(Assigned task) I'd like the data beneath this line reproduced exactly, without any of its images.

(Collection entries)
'''
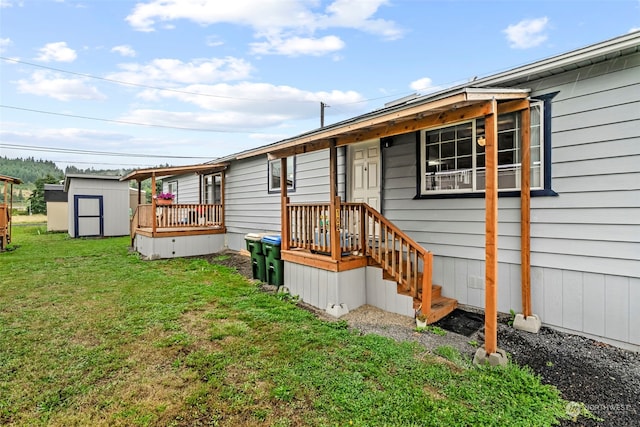 rear view of property featuring a storage shed, a lawn, and an outdoor structure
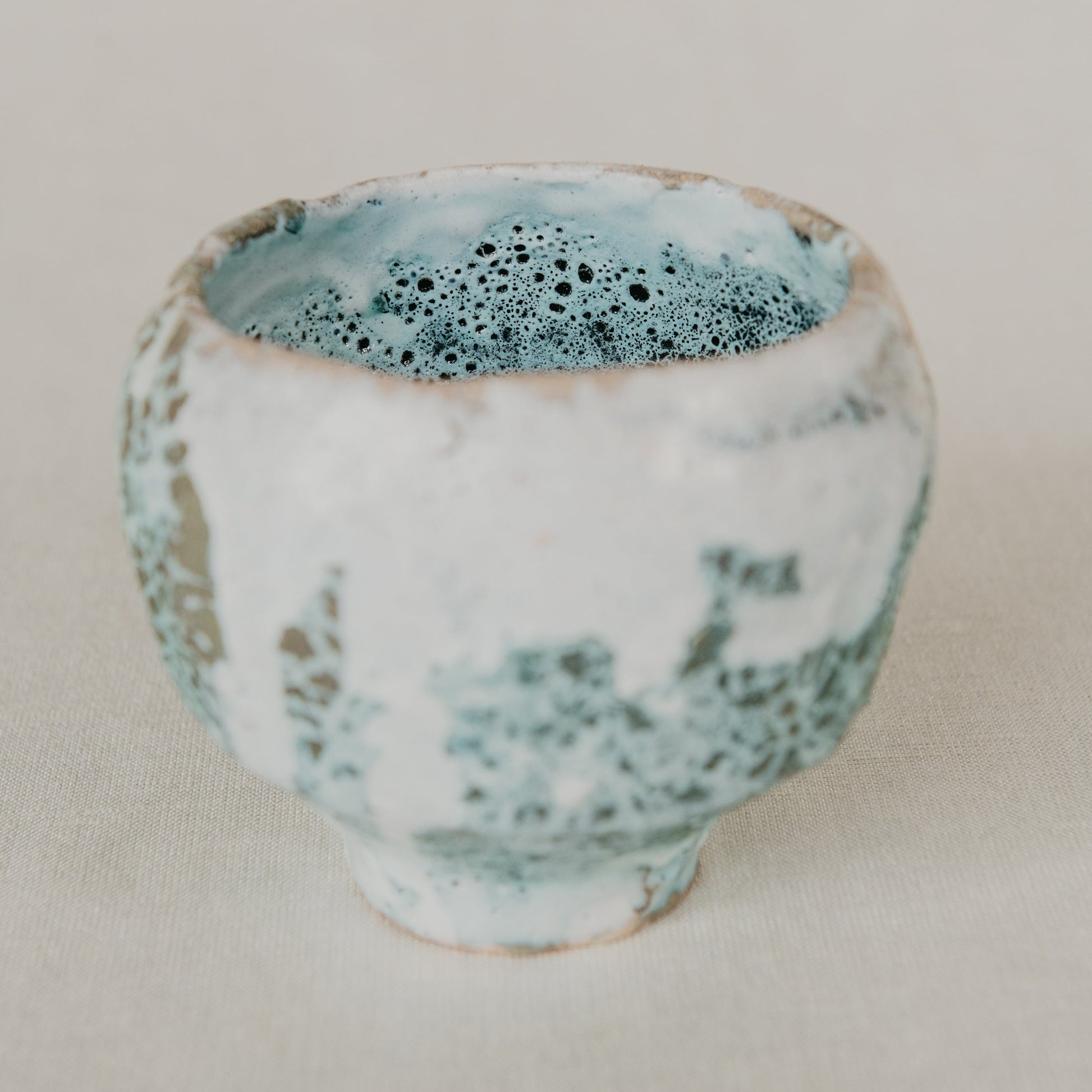 Ceramic cup with blue and white speckled design on a beige background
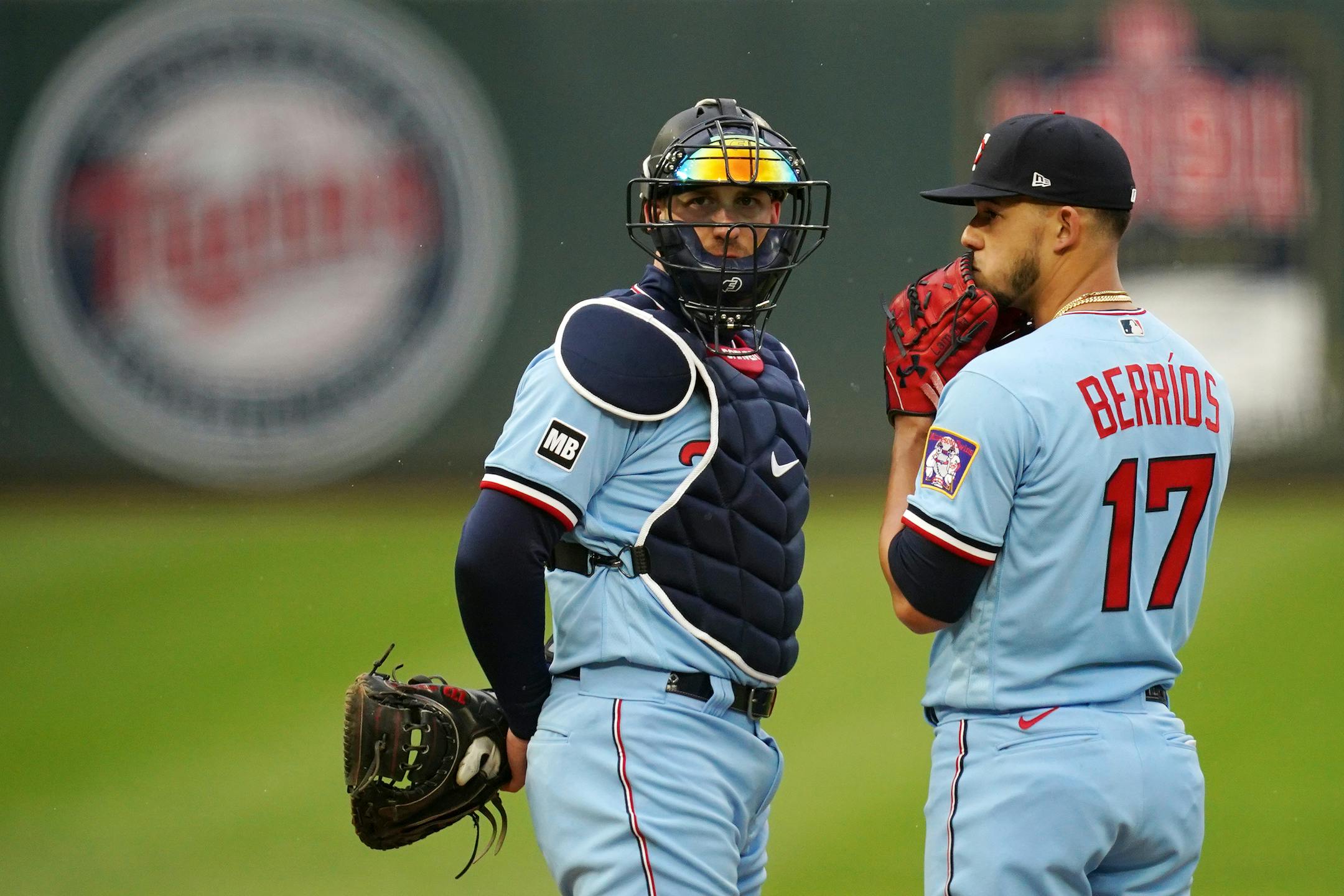 Minnesota Twins catcher Mitch Garver (8) talked with starting pitcher Jose Berrios (17) on the mound in the fifth inning of the second game.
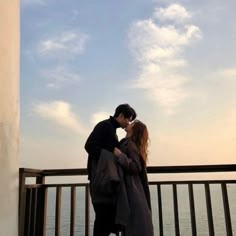 a man and woman standing next to each other on a balcony near the ocean kissing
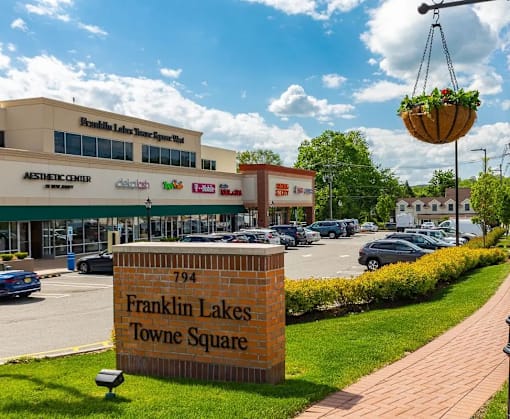A sign for Franklin Lakes Towne Square stands in front of a building.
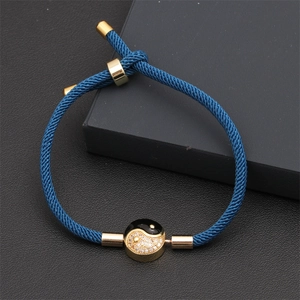 Macro detail of navy blue woven bracelet with golden yin yang charm and zircon stones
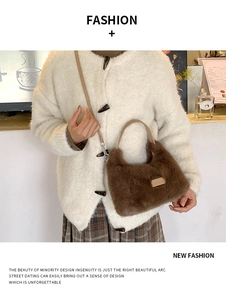 Detailed close-up of brown faux fur hobo bag featuring a metallic logo plaque and leather handle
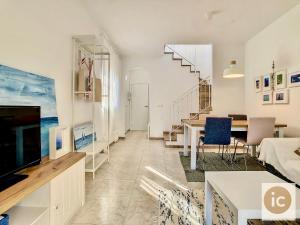 a living room with a couch and a table at La Vela Estartit Rental in L'Estartit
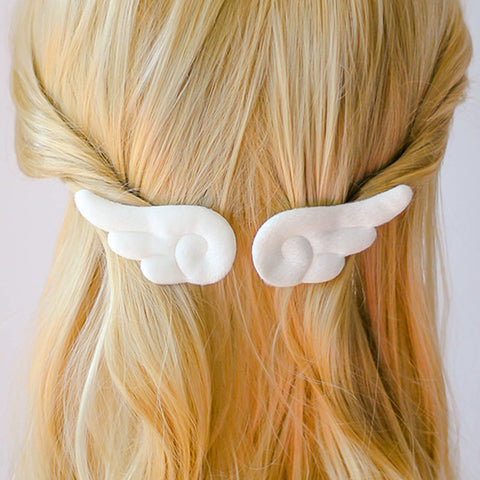 -Small anime inspired cloud style angel wing hair barrettes. Free shipping from abroad. These typically arrive in about 2 weeks to the USA. Sold in pairs of two. Cute Kawaii fluffy unique cosplay clip hair accessory.-One Pair-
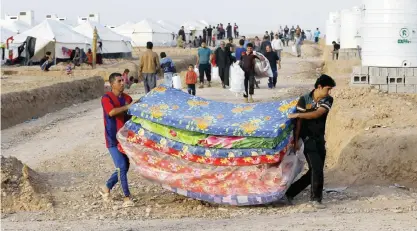  ??  ?? HASSAN SHAM, Iraq: Displaced Iraqi men, who fled from Mosul, carry mattresses at a camp for internally displaced people east of Mosul yesterday. — AP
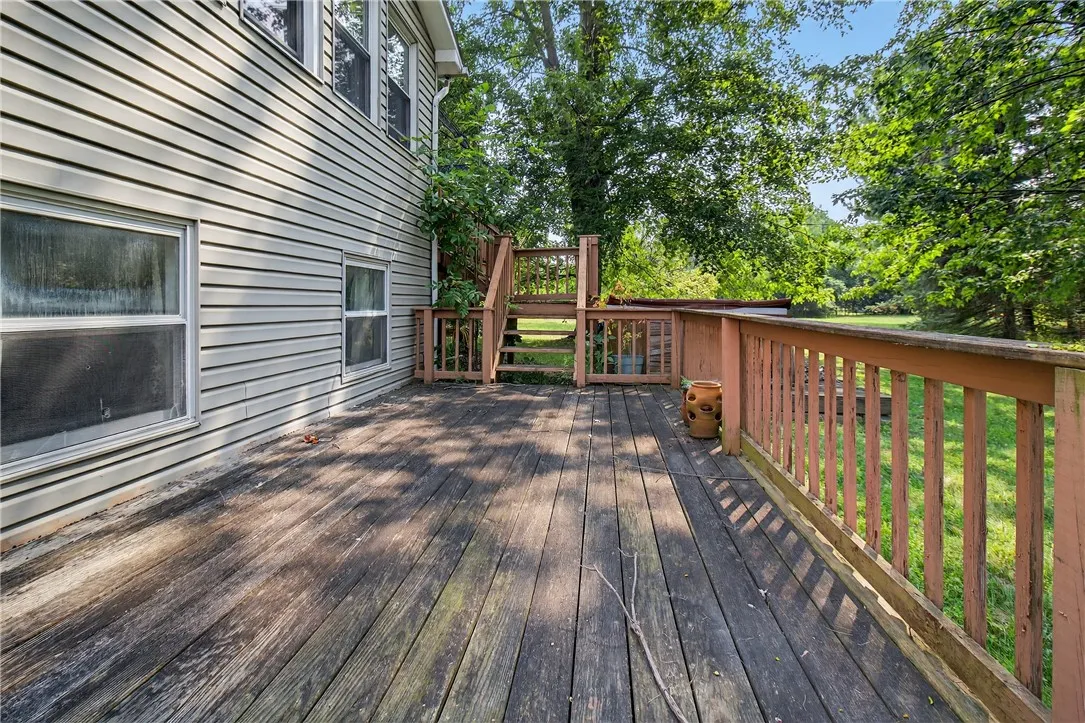 First level of the deck continues along the back length of the house
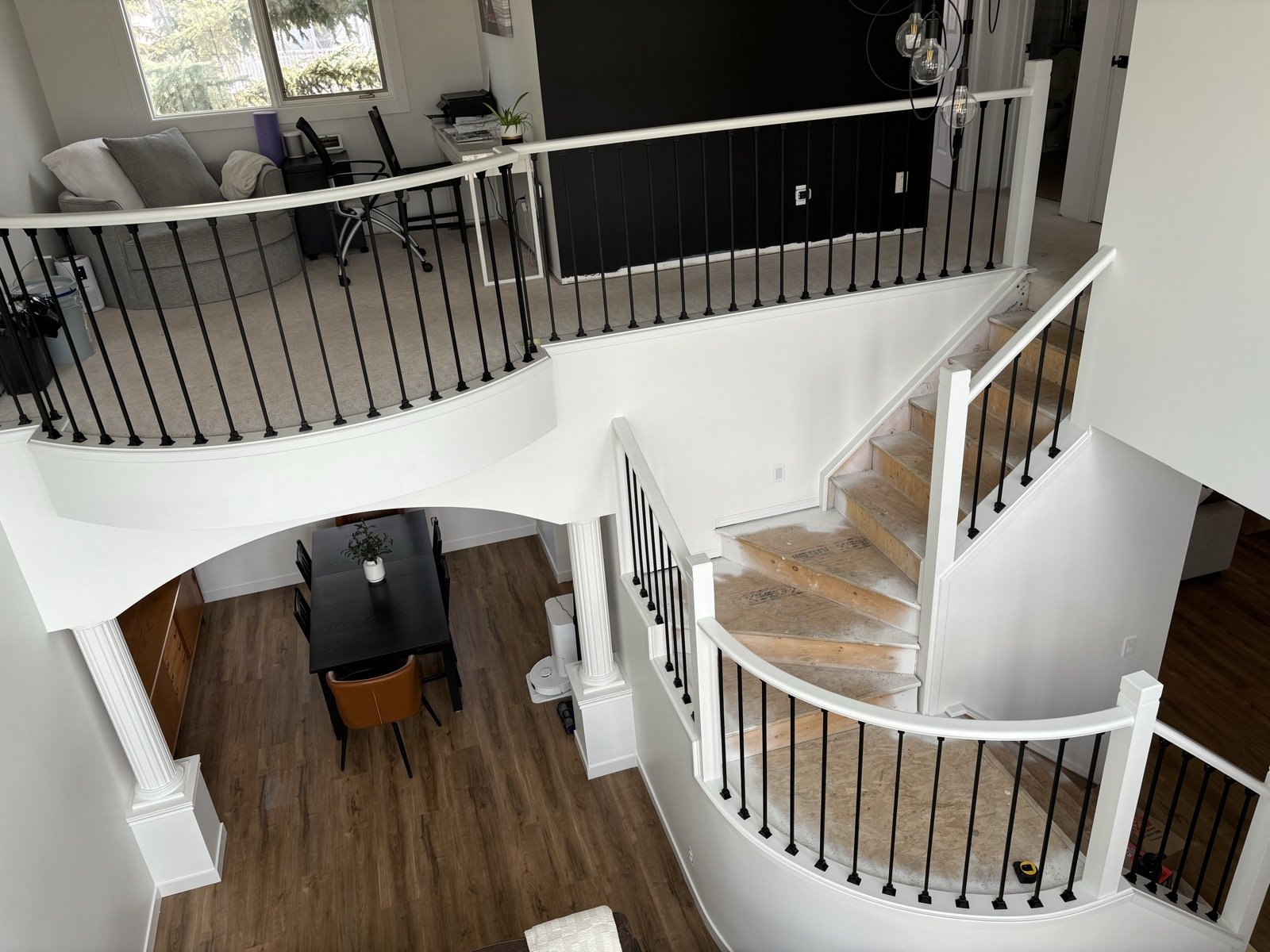 Custom curved staircase with white risers and black wrought-iron spindles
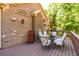 Deck with seating has outdoor dining and brick exterior with trees creating a relaxing space to unwind at 50 S Underwood Dr, Covington, GA 30016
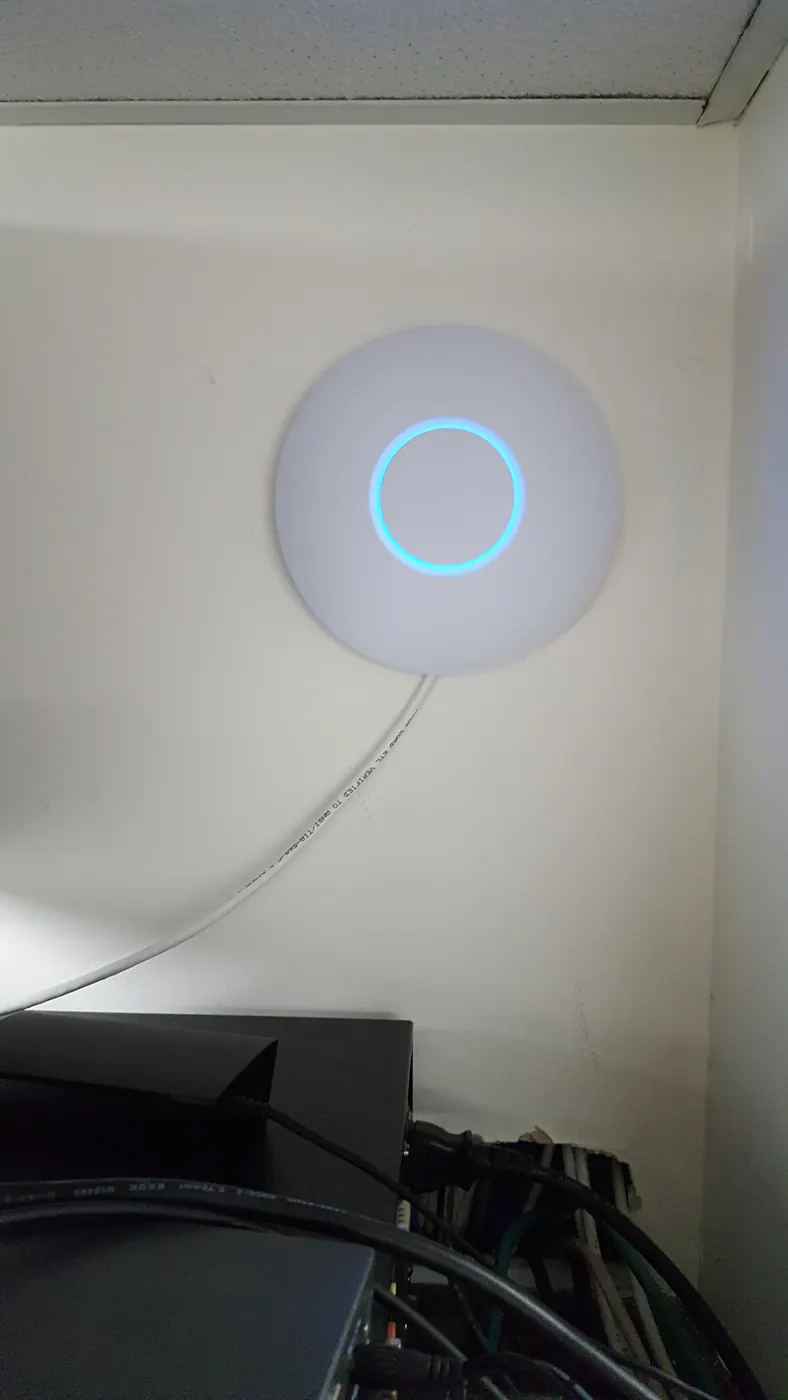 Ceiling-mounted Ubiquiti UniFi Wi-Fi access point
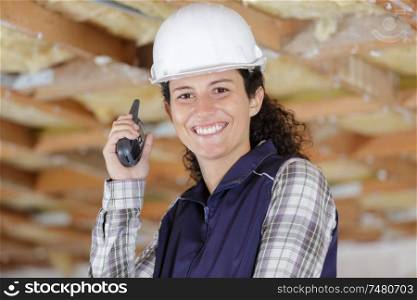 female construction worker using walkie talkie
'''
(Task output)
 rear view of property featuring a storage shed, a lawn, and an outdoor structure
 Ceramic cup with blue and white speckled design on a beige background
 Minnesota Twins catcher Mitch Garver (8) talked with starting pitcher Jose Berrios (17) on the mound in the fifth inning of the second game.
 a man and woman standing next to each other on a balcony near the ocean kissing
A sign for Franklin Lakes Towne Square stands in front of a building.
 Macro detail of navy blue woven bracelet with golden yin yang charm and zircon stones
 Detailed close-up of brown faux fur hobo bag featuring a metallic logo plaque and leather handle
 a living room with a couch and a table at La Vela Estartit Rental in L'Estartit
 -Small anime inspired cloud style angel wing hair barrettes. Free shipping from abroad. These typically arrive in about 2 weeks to the USA. Sold in pairs of two. Cute Kawaii fluffy unique cosplay clip hair accessory.-One Pair-
  ??  ?? HASSAN SHAM, Iraq: Displaced Iraqi men, who fled from Mosul, carry mattresses at a camp for internally displaced people east of Mosul yesterday. — AP
 First level of the deck continues along the back length of the house
 Custom curved staircase with white risers and black wrought-iron spindles
 Deck with seating has outdoor dining and brick exterior with trees creating a relaxing space to unwind at 50 S Underwood Dr, Covington, GA 30016
 Ceiling-mounted Ubiquiti UniFi Wi-Fi access point
 female construction worker using walkie talkie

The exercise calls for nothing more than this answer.